Those are the uncontroversial elements of the order: I return to the more difficult ones. One of the points that people have made when writing to me—I am talking about practising psychologists—is that they see no practical need for statutory regulation of the profession and maintain that the case for it has not been made. With no disrespect to the individuals involved, I have been looking too long at these issues to be able to endorse that point of view. In the 21st century, with a need for full professional accountability, professional standards of practice, transparency and protection of the public, it is difficult to argue that statutory regulation in any form whatever is unnecessary. Some have argued that there is already voluntary regulation through the British Psychological Society and other professional bodies, so why do we need to make it statutory?

There are several answers. One is that the present system does not protect the key professional titles. Anyone can call himself a clinical or health psychologist without any recognised professional basis for doing so. That cannot be right from the point of view of public protection. Another reason is that although the professional bodies are made up of fair minded and conscientious individuals, they are accountable in the end to no one but themselves. Through the order comes the link to Parliament and the Council for Healthcare Regulatory Excellence. I believe that to be a positive, not a negative, step.
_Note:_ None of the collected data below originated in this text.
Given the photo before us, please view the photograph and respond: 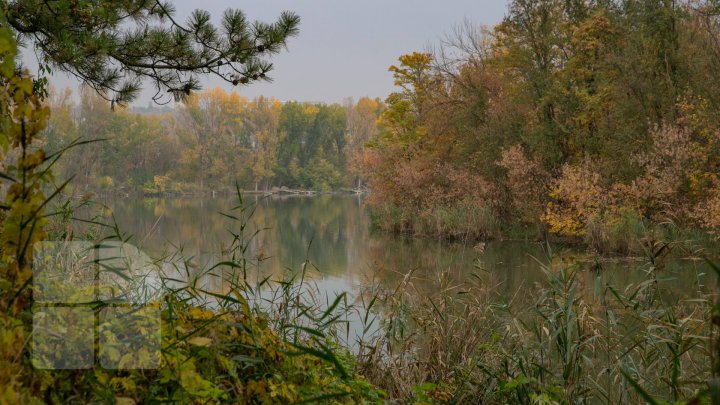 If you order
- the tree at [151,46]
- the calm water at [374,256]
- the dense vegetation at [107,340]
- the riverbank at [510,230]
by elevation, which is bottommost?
the calm water at [374,256]

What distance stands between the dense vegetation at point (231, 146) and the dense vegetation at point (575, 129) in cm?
3513

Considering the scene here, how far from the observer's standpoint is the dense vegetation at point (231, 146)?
2087 inches

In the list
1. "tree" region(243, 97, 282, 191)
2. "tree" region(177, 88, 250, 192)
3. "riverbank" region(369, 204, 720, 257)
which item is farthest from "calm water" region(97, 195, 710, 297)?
"tree" region(243, 97, 282, 191)

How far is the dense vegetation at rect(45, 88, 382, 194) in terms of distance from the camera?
53000mm

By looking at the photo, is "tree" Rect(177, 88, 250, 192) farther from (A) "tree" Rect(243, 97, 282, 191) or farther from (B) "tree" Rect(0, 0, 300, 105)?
(B) "tree" Rect(0, 0, 300, 105)

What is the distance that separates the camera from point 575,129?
16.0 meters

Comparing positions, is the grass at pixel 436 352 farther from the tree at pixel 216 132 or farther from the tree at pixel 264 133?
the tree at pixel 264 133

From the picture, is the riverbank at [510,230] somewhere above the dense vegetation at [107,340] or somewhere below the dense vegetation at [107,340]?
below

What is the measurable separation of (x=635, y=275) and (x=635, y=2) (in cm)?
783

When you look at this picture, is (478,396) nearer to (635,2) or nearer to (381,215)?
(635,2)

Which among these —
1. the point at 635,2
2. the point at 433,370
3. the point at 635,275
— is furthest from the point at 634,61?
the point at 433,370

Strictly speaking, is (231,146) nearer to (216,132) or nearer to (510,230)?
(216,132) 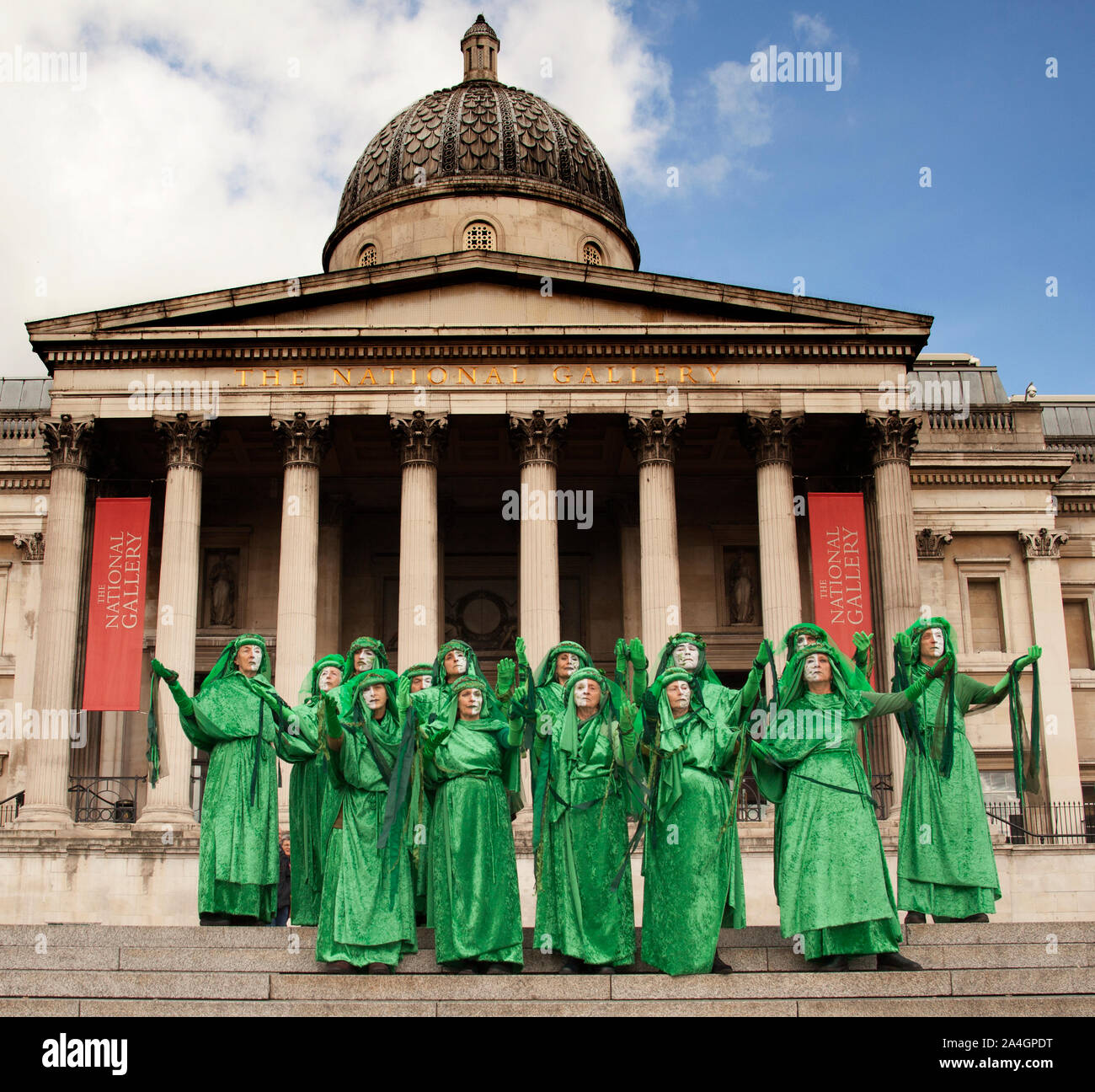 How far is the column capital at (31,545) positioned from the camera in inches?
1308

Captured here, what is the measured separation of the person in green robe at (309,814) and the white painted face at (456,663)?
1038 mm

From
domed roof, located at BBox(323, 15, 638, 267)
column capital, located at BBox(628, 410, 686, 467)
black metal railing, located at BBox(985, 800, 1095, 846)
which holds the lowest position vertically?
black metal railing, located at BBox(985, 800, 1095, 846)

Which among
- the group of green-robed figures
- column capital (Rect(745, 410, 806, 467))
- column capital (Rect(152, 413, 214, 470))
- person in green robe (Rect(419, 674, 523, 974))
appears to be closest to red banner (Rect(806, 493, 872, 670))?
column capital (Rect(745, 410, 806, 467))

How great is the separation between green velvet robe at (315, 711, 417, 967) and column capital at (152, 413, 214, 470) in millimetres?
18283

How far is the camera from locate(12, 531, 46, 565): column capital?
33.2 m

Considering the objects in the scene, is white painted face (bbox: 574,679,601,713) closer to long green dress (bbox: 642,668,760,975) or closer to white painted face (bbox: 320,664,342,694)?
long green dress (bbox: 642,668,760,975)

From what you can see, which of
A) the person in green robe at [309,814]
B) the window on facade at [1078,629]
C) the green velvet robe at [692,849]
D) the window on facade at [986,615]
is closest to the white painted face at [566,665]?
the green velvet robe at [692,849]

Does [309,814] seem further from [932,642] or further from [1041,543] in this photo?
[1041,543]

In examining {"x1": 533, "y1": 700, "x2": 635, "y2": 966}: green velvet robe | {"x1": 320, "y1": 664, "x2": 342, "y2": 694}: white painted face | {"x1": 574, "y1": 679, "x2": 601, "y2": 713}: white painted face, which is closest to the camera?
{"x1": 533, "y1": 700, "x2": 635, "y2": 966}: green velvet robe

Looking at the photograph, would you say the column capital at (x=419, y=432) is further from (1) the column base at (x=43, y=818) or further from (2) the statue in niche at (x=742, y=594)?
(1) the column base at (x=43, y=818)

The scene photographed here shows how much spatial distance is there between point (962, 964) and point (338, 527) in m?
23.3

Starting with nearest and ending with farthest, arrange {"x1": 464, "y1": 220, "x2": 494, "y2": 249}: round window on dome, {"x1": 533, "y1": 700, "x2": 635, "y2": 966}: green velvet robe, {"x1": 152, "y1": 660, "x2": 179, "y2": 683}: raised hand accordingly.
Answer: {"x1": 533, "y1": 700, "x2": 635, "y2": 966}: green velvet robe < {"x1": 152, "y1": 660, "x2": 179, "y2": 683}: raised hand < {"x1": 464, "y1": 220, "x2": 494, "y2": 249}: round window on dome

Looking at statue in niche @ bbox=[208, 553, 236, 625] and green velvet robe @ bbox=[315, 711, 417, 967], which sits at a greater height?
statue in niche @ bbox=[208, 553, 236, 625]

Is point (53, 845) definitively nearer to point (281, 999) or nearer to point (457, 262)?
point (457, 262) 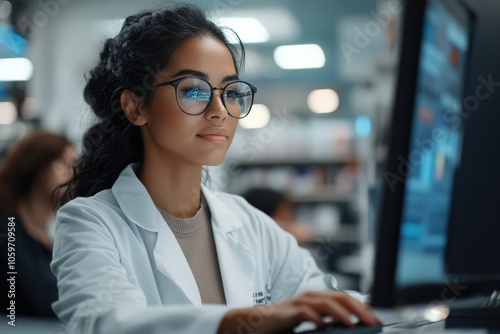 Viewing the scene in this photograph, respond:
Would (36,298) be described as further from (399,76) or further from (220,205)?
(399,76)

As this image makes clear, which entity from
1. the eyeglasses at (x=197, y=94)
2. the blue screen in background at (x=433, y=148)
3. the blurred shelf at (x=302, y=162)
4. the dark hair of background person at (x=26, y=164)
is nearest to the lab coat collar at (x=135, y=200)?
the eyeglasses at (x=197, y=94)

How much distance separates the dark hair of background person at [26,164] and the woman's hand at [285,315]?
40.3 inches

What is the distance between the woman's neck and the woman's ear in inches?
1.7

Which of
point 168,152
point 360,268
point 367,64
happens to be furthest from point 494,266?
point 367,64

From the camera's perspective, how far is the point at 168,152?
24.6 inches

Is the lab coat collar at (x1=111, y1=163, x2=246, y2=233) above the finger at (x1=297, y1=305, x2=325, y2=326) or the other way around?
above

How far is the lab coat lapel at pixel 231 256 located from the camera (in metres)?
0.63

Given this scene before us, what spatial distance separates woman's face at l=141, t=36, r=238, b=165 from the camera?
592 mm

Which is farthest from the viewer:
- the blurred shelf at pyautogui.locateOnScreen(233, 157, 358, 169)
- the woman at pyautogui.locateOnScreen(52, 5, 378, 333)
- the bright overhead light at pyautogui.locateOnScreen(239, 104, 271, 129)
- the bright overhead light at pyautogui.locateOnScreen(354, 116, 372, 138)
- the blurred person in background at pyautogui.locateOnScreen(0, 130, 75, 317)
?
the bright overhead light at pyautogui.locateOnScreen(354, 116, 372, 138)

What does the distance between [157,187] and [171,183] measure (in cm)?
2

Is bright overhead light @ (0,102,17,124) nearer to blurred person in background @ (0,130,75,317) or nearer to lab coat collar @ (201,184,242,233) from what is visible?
blurred person in background @ (0,130,75,317)

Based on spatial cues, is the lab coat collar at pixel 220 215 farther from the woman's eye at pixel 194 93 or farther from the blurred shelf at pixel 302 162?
the blurred shelf at pixel 302 162

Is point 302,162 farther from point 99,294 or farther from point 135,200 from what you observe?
point 99,294

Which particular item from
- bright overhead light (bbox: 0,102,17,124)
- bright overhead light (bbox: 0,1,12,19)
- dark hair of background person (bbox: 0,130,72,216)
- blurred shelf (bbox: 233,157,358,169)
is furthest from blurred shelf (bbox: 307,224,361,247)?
bright overhead light (bbox: 0,1,12,19) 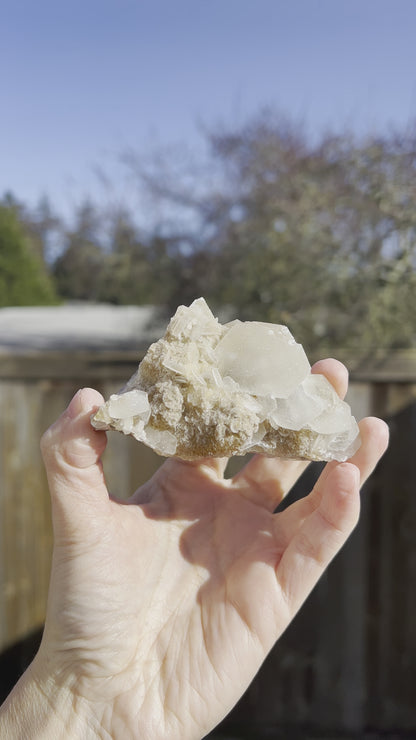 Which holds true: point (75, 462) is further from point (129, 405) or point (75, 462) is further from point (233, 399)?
point (233, 399)

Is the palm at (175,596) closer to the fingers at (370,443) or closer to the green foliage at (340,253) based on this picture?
the fingers at (370,443)

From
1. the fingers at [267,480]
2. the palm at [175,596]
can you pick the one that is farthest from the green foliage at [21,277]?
the palm at [175,596]

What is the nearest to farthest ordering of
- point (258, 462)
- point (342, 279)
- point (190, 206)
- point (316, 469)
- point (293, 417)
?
point (293, 417) < point (258, 462) < point (316, 469) < point (342, 279) < point (190, 206)

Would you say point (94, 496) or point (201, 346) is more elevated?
point (201, 346)

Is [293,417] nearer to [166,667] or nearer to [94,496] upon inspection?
[94,496]

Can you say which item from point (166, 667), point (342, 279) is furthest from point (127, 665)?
point (342, 279)

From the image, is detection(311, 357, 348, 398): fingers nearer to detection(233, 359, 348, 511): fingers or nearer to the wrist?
detection(233, 359, 348, 511): fingers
Many of the fears expressed to me have related more to psychotherapists and counsellors than practitioner psychologists. The reason why those fears have been voiced so loudly is that the order is viewed as the forerunner to an inevitable sequel that will impose statutory regulation on those other disciplines. That is what people are fearful of. I will quote from one letter that I have received, which is representative of many:

“If registration of psychologists, counsellors and psychotherapists goes ahead, it will lead to the standardisation of knowledge and training and stifle the diversity of thought and practice among the talking therapies. This diversity is a source of strength and creativity, reflecting the diversity of human experience … Standardisation is also potentially discriminatory, as it would be based on the dominant forms of subjectivity, which marginalise many [minority groups] ... In the long run it would reduce the choice of therapies available in the independent sector, as training courses not approved by the state would find it difficult to fill places”.

I am troubled by those criticisms, because while one would not want to encourage wild and dangerous experimental practice, I can see that being able to branch out into new territory and not having a totally homogenised and inflexible set of standards is highly desirable. No professional discipline can be set in aspic. The basic charge is that regulation under the HPC will create a narrow and restrictive definition of the field within which psychologists operate and thereby deprive the public of a wide range of therapies; in other words, state-sponsored rigidity. What does the Minister have to say?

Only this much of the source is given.